• [BRIEF]:
In the entries below, find the line with "this 960×654 image." and the line with "this 640×480 image.", then retype both and everything between them exactly. Do not copy the pictures.

• [SOURCE DATA]:
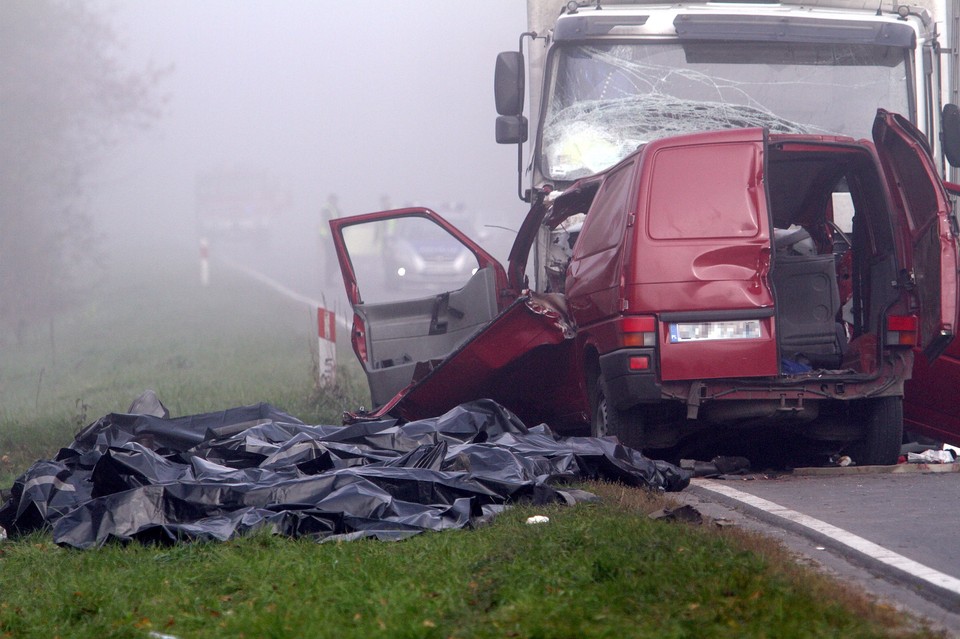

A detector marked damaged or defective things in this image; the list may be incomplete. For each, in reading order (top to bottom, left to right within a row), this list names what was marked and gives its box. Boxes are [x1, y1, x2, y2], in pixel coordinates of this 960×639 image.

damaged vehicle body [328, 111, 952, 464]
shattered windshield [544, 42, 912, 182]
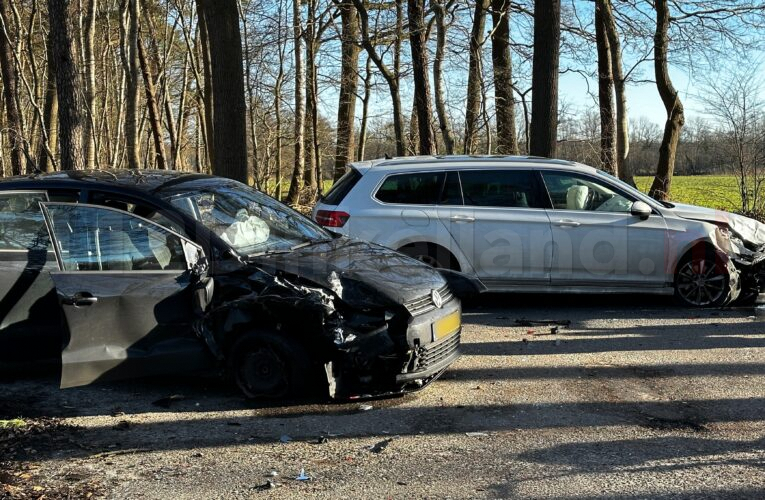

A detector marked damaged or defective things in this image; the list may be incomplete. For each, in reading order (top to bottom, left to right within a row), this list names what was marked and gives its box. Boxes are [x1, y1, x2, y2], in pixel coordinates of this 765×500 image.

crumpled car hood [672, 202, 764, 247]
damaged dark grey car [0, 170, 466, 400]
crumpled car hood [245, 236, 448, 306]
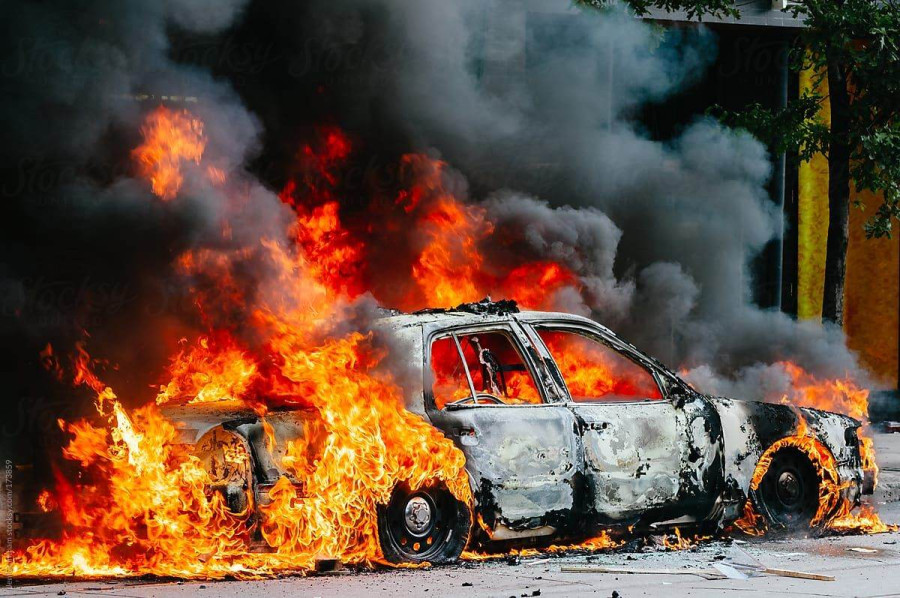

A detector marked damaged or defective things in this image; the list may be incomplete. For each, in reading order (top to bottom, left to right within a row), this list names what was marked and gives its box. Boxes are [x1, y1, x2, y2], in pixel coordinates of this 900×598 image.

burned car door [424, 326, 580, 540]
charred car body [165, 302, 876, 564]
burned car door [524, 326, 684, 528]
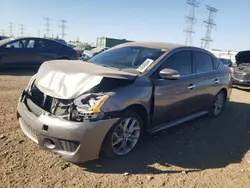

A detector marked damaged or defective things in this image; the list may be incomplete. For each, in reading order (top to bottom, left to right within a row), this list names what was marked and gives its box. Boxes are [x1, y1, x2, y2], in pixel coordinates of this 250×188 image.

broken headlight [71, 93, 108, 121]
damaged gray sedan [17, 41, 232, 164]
==
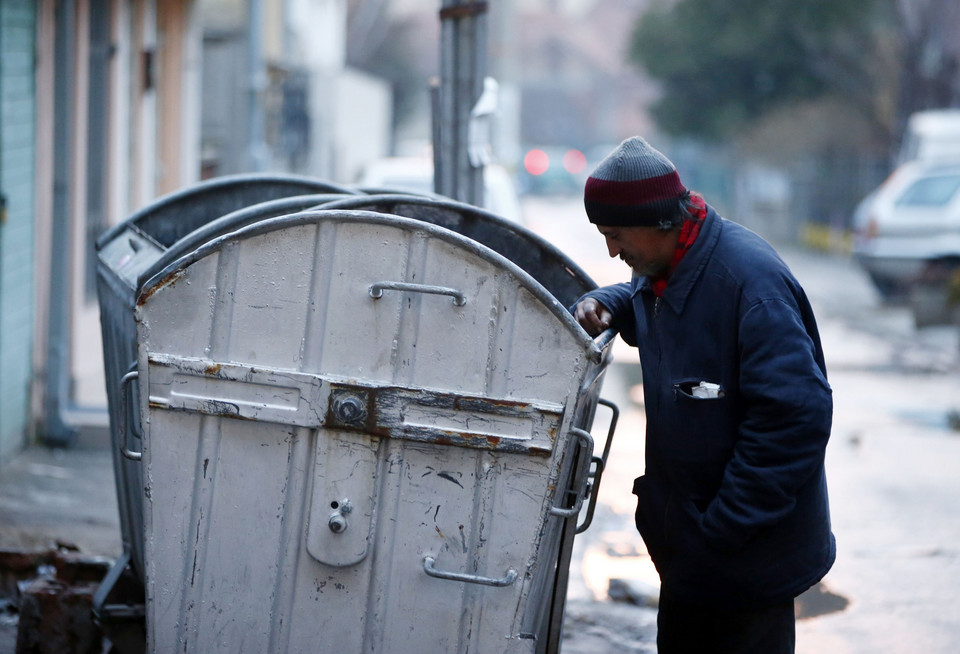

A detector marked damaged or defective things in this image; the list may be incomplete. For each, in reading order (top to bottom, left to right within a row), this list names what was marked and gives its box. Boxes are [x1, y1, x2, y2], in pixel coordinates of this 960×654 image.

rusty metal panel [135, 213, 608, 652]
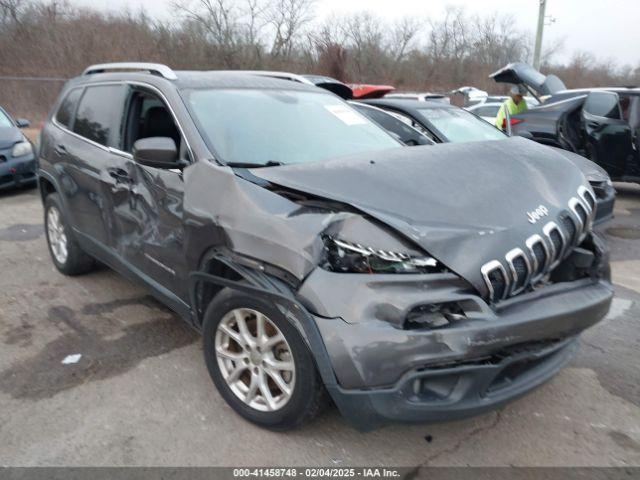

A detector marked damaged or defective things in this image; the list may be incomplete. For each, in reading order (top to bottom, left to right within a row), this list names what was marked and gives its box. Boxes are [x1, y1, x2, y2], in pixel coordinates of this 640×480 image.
* * *
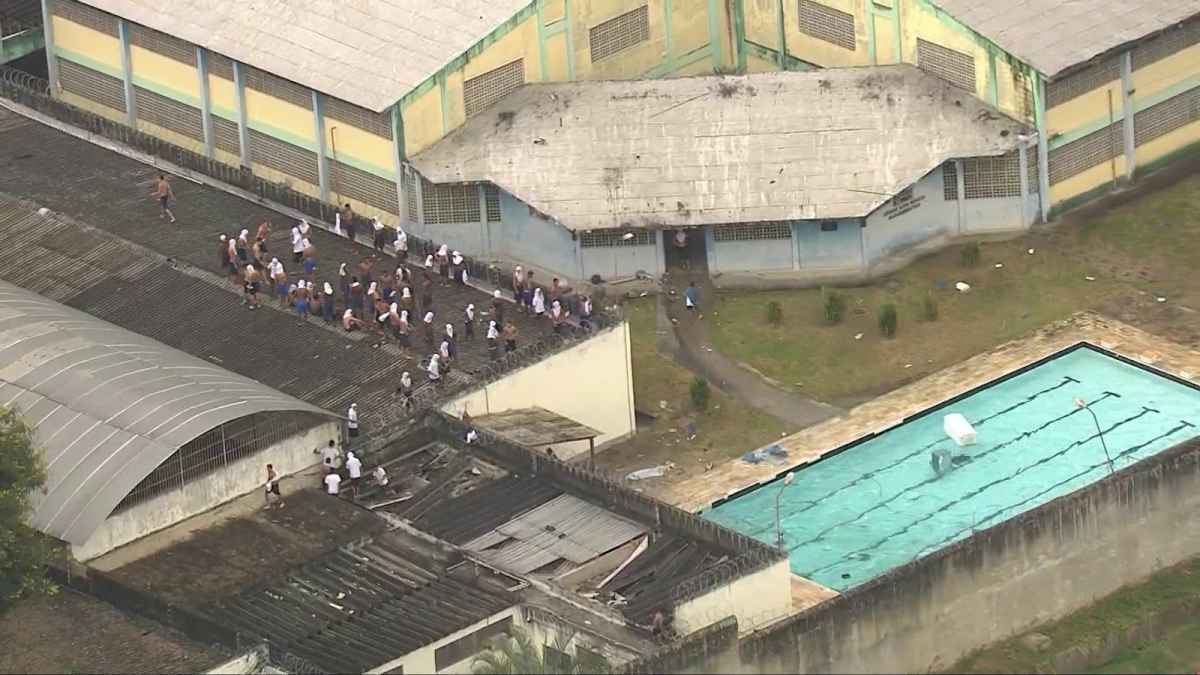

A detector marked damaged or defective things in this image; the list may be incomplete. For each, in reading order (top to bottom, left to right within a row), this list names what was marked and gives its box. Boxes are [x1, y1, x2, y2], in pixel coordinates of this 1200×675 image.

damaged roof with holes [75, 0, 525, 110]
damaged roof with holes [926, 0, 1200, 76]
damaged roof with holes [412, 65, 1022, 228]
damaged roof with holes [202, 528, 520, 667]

• [ANSWER BOX]:
A detector marked damaged or defective things in this image; the list may be incomplete. For each, in reading order (top to bottom, left to right within a row), this list names what was marked and gives its box. Boxes are [x1, y1, x2, y2], in pixel coordinates of this 960×654 image.

rusty metal panel [135, 213, 608, 652]

A detector marked damaged or defective things in this image; the list may be incomplete. For each, in reading order (top to bottom, left to right within a row), this list names what was marked and gives its box. Boxes are [x1, y1, x2, y2], in pixel coordinates of this 640×480 image.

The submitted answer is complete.